| Problem description |
With the pictures omitted, print exactly the lines below, from the one containing "You're now on" through the one containing "Let's turn our", and nothing else.

| Entries provided |
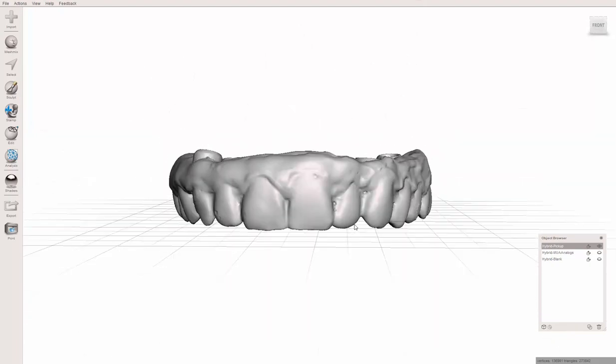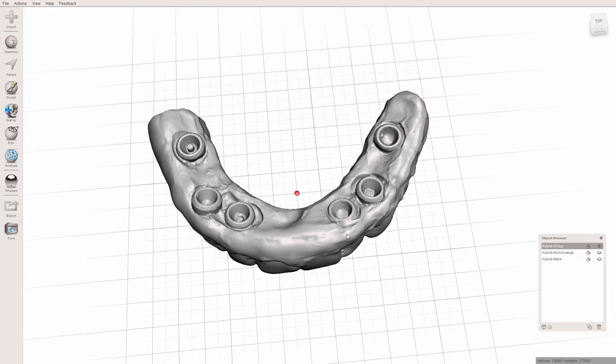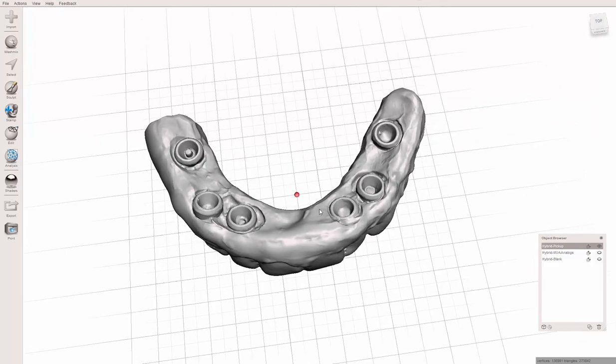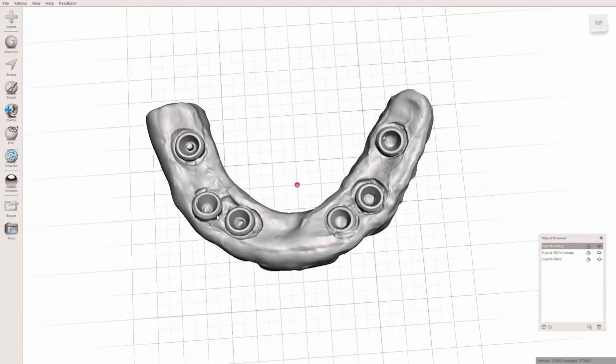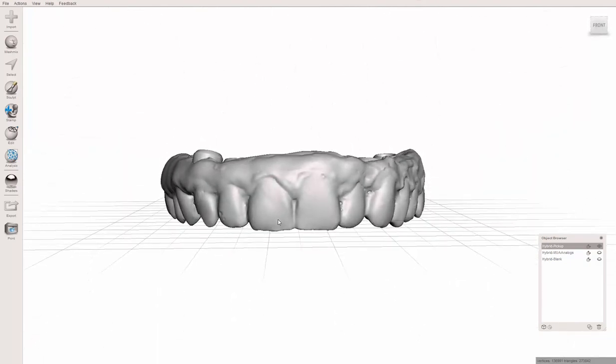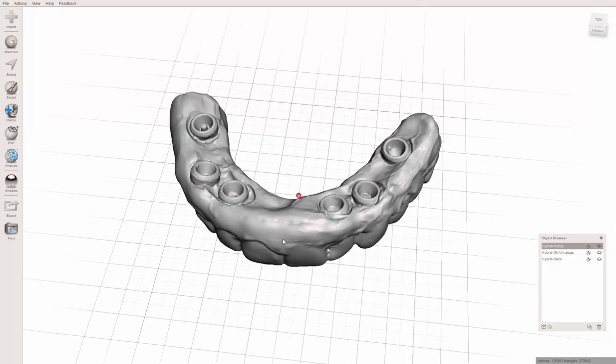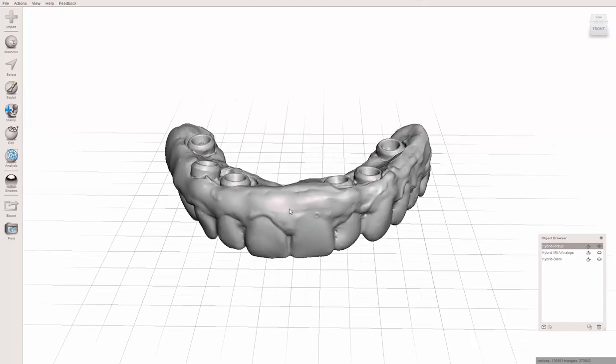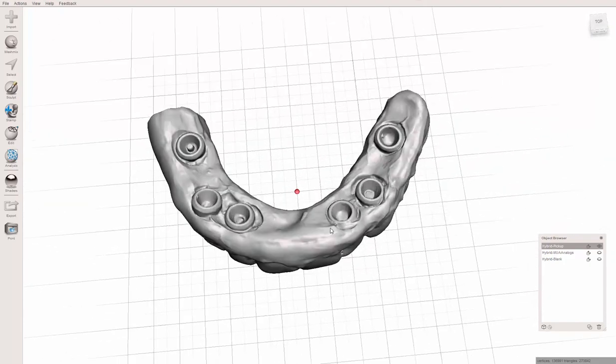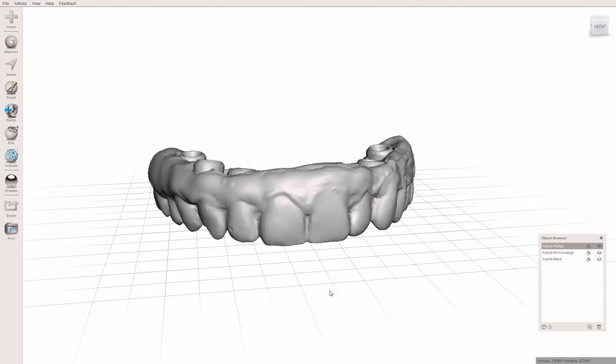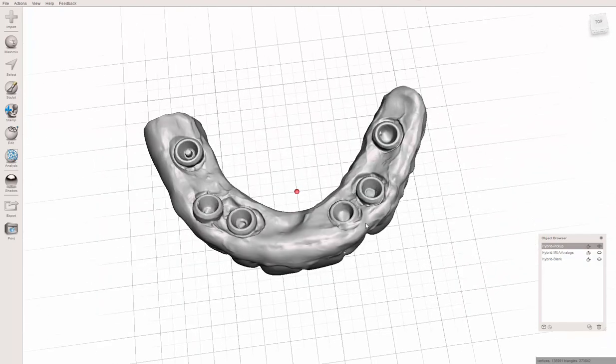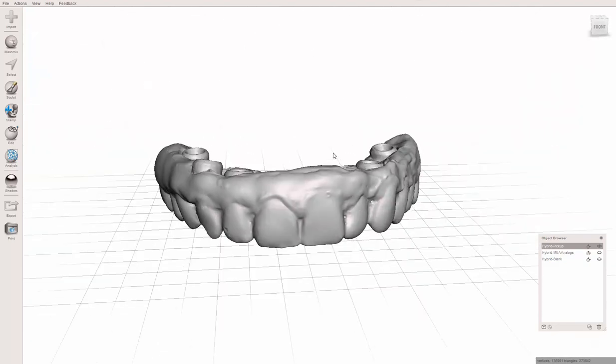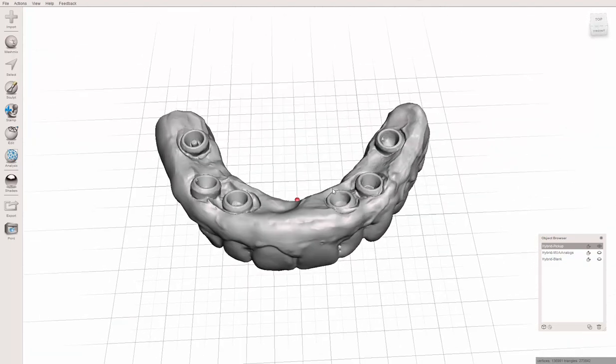So here is the patient's hybrid. This is a quick pick up, not perfect, but for the purpose of this video hopefully it's sufficient. This was a hybrid with the multi-unit abutment housings that were picked up in the denture with acrylic. You can do this with a desktop scanner, but most people don't have desktop scanners in their offices.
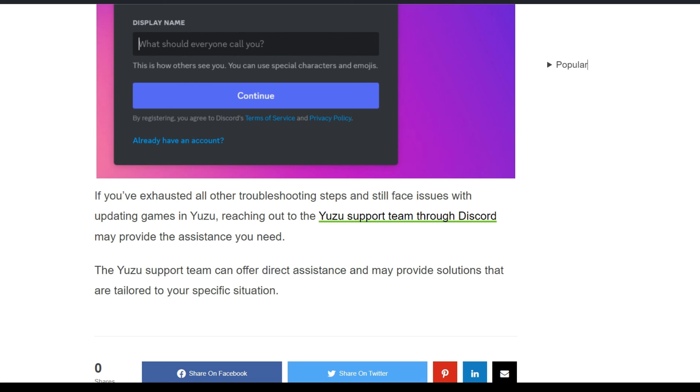I hope this video is very helpful for your problem. Thank you for watching, and we will catch you in the next video.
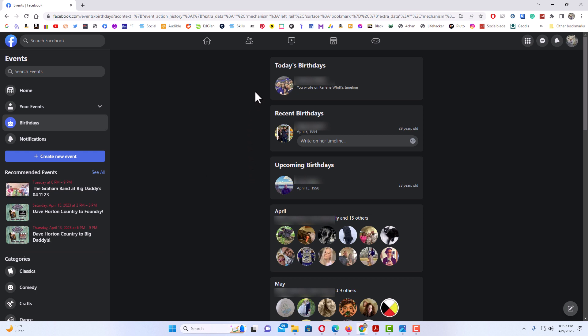If there's a birthday today it'll list it here. Recent birthdays, upcoming birthdays, birthdays for the current month that you're in. If you scroll downward you'll come up with other months and it lists your friends' birthdays. That is how to view your friends' upcoming birthdays. Thanks for watching.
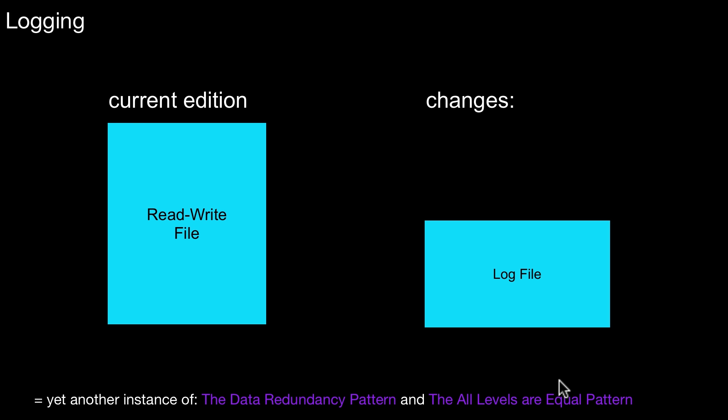But for the moment it's the same idea as shown in that older video already. We have a read-write file. That is our store. That is where we apply the change. And we have a separate log file which redundantly keeps the information about the different changes. And again, already in that separate video on logging, I mentioned that this is just another instance of the data redundancy pattern or the all-levels-are-equal pattern as well because this idea of logging can be applied even on different levels of the storage hierarchy. So we learned about this general idea of logging.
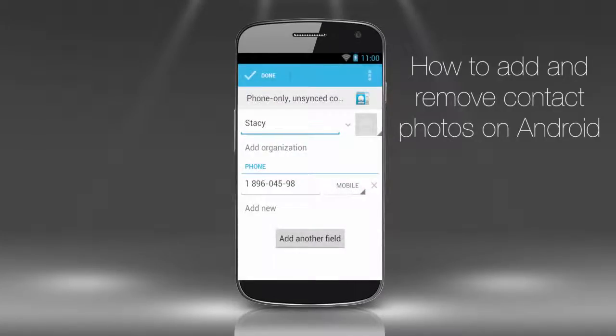You're now on the page where you can edit all the contact's data. What we need is the contact's picture, which is so far non-existent. Tap it.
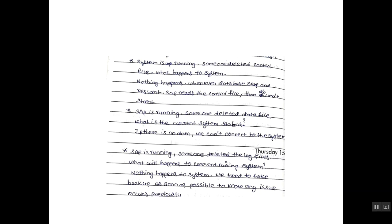Answer is nothing happens. Whenever the database stops and restarts, SAP reads the control file. Then the DB won't start.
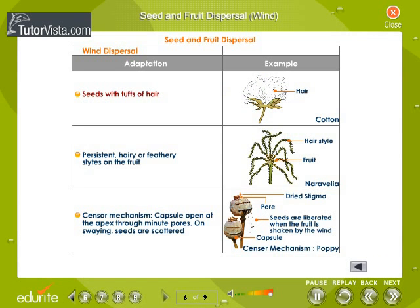Some seeds have tufts of hair. Persistent hairy or feathery styles on some fruits help them to get carried away by the wind. In the sensor mechanism, the capsule opens at the apex through minute pores. On swaying, the seeds escape out of the pores.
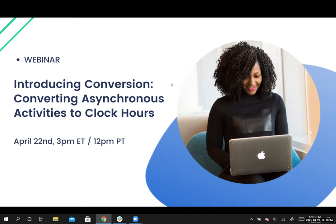Let's turn our attention to Conversion. Welcome into another CourseKey webinar. My name is Alex Weitzel. I'm the marketing manager at CourseKey, and I'm joined today by my colleague, Ariel. She's a product manager, and the two of us are going to be taking you through the new tool that we just recently released called Conversion.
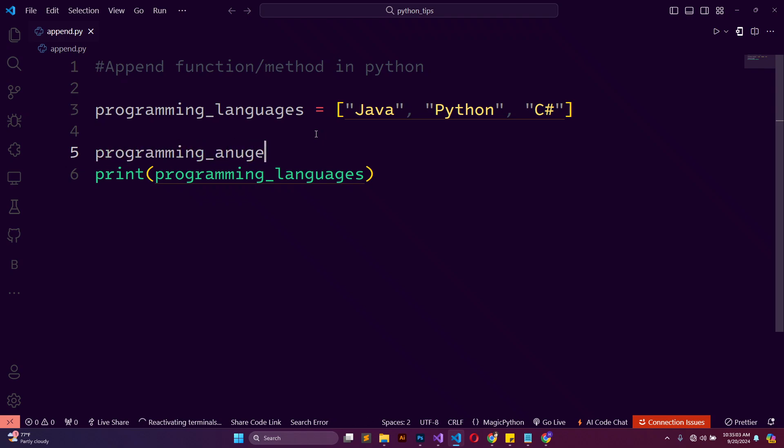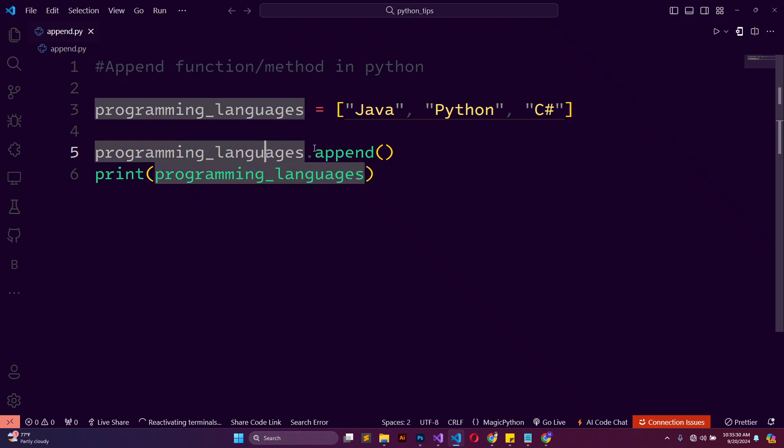programming_languages.append. We use this dot notation to call any sort of method that is associated with a list. That's not only for a list - you can use it for a string, an integer data type, and so on. When I say dot, it allows me to call this append method on this list, and I'm going to pass in the fourth language.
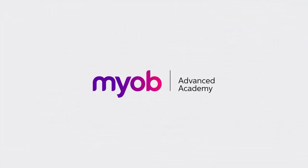And that's the end of our look at receiving purchases. If you want to learn more, visit the MYOB Advanced Education Centre or see the other videos in our Advanced Academy series for more information on the purchasing process. Thanks for watching.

| Response to this task |
You're now on the page where you can edit all the contact's data. What we need is the contact's picture, which is so far non-existent. Tap it.
Answer is nothing happens. Whenever the database stops and restarts, SAP reads the control file. Then the DB won't start.
Some seeds have tufts of hair. Persistent hairy or feathery styles on some fruits help them to get carried away by the wind. In the sensor mechanism, the capsule opens at the apex through minute pores. On swaying, the seeds escape out of the pores.
Let's turn our attention to Conversion. Welcome into another CourseKey webinar. My name is Alex Weitzel. I'm the marketing manager at CourseKey, and I'm joined today by my colleague, Ariel. She's a product manager, and the two of us are going to be taking you through the new tool that we just recently released called Conversion.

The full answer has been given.